I am running out of RAM while outright generating a 4,500 x 1,000,000 DataFrame of correlated simulations. In the code below, I break the simulations into ten parts (10 instances of 100,000 simulations / instance for each of the 4,500 time series connected via the rank correlation matrix corr_matrix), which allows me to stay just under the RAM ceiling:
import pandas as pd
import os
from multiprocessing import Pool
from scipy.stats.distributions import t
from time import time
from statsmodels.sandbox.distributions.multivariate import multivariate_t_rvs as mv_t
filename_prefix = 'generation\\copulas'
def sim(iterable) -> pd.DataFrame:
corr_file, year, part_num, n_sims, df = iterable
corr = pd.read_pickle(corr_file)
copula = pd.DataFrame(t.cdf(mv_t(m=([0] * corr.shape[0]), S=corr, df=df, n=n_sims), df=df))
copula.columns = corr.columns
copula.columns.names = corr.columns.names
copula.to_pickle('%s\\year_%s\\part_%s.pkl' % (filename_prefix, (year + 1), part_num))
return copula
def foo(corr_file: str, n_years: int, n_sims: int, n_parts: int = 10, df: int = 3):
start = time()
for year in range(n_years):
part_size: int = int(n_sims / 10)
temp_dir: str = '%s\\year_%s' % (filename_prefix, year + 1)
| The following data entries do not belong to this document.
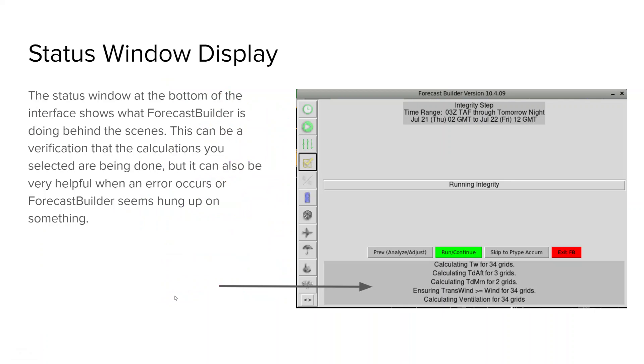One helpful thing that forecast builder does is have the status window display. So down at the bottom where the arrow is pointing you can see that forecast builder is actually telling the user what calculations it's doing in the background. This can be very helpful if you're trying to verify that forecast builder is doing the exact calculations that you selected or want to be done. And if an error occurs you can see where forecast builder seems to be hung up.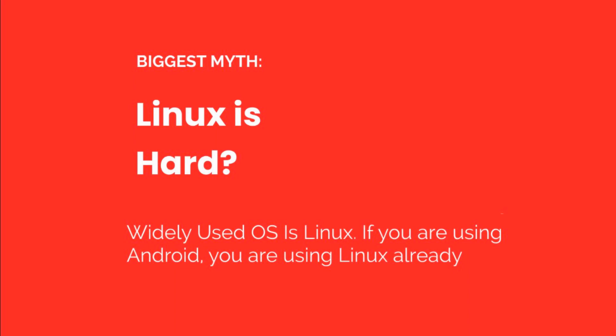Let me tell you the world's most used operating system is Linux. If you are using Android, you are already using Linux. It is fun to work with Linux if you are a developer, DevOps student, or general user. If you watch this video till the end, I'm sure you will be convinced that Linux is the best.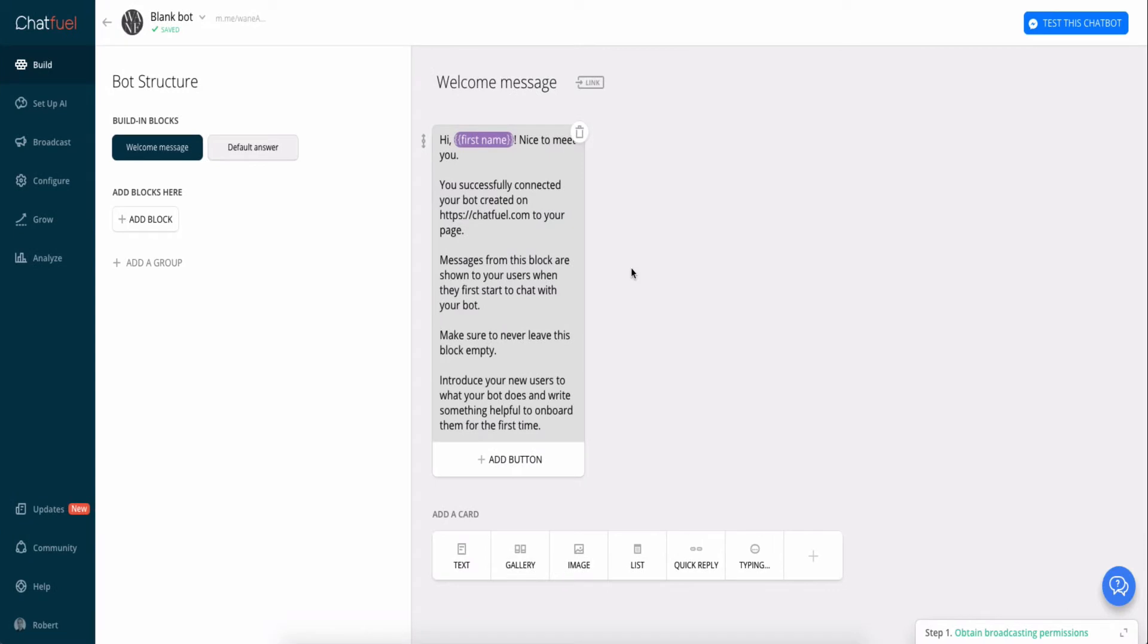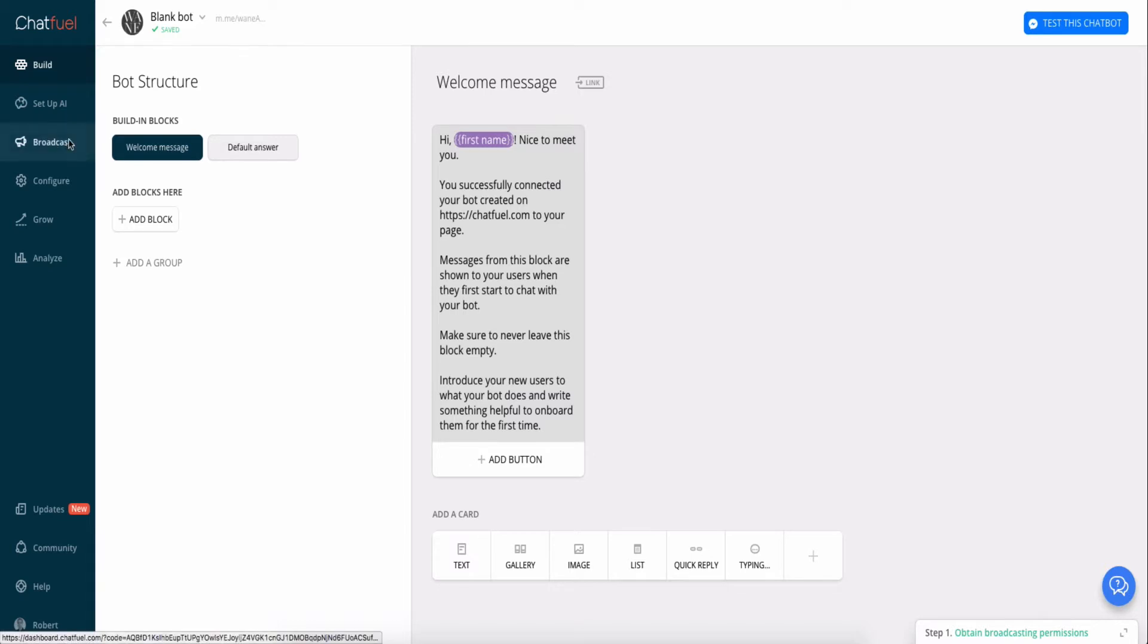Alright, so here we are. Time to send a message to the people that are subscribed to our bot. All we do is log into ChatFuel. This is the first page that shows up, then we go to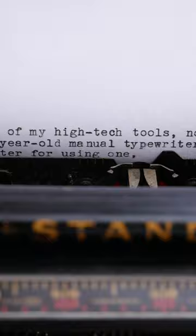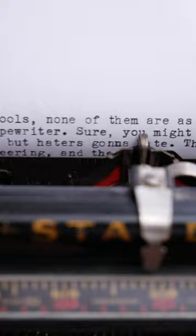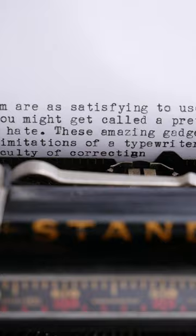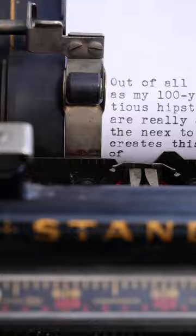These amazing gadgets are really a marvel of engineering, and the limitations of a typewriter — the need to anticipate line breaks, the difficulty of correcting mistakes — creates this forward momentum that is the perfect environment for stream-of-consciousness writing.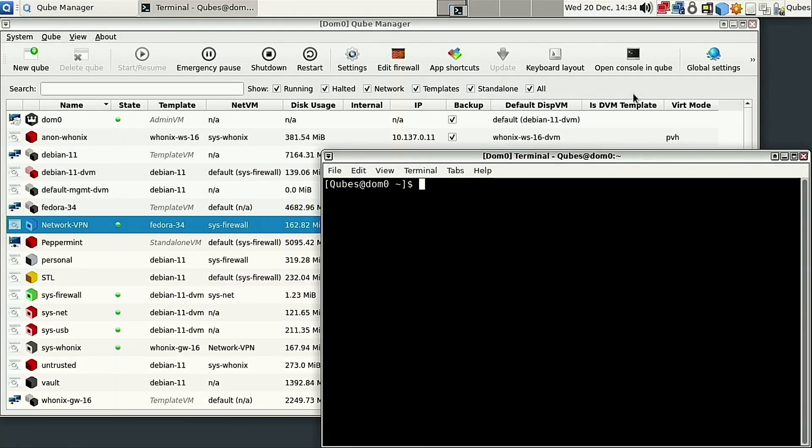Welcome back to Switch to Linux. We have to do a little Qubes fix, a little Qubes patch.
temp_file: str = '%s\\year' % temp_dir
os.makedirs('%s\\year_%s' % (filename_prefix, year + 1))
with Pool(3) as p:
collection = p.map(func=sim, iterable=[(corr_file, year, x, part_size, df) for x in range(n_parts)])
temp = pd.concat(collection)
temp.to_pickle('%s\\year_%s.pkl' % (filename_prefix, year + 1))
print('\tRun time = %s' % (time() - start))
My questions are:
- Why do I run out of memory when I create a single 4,500 x 1,000,000 DataFrame but not when I create ten 4,500 x 100,000 DataFrames?
- Is there anything I can do to reduce my memory usage?
- Are there any egregious mistakes or poor practices in the above code?
Thank you for your kind assistance and time!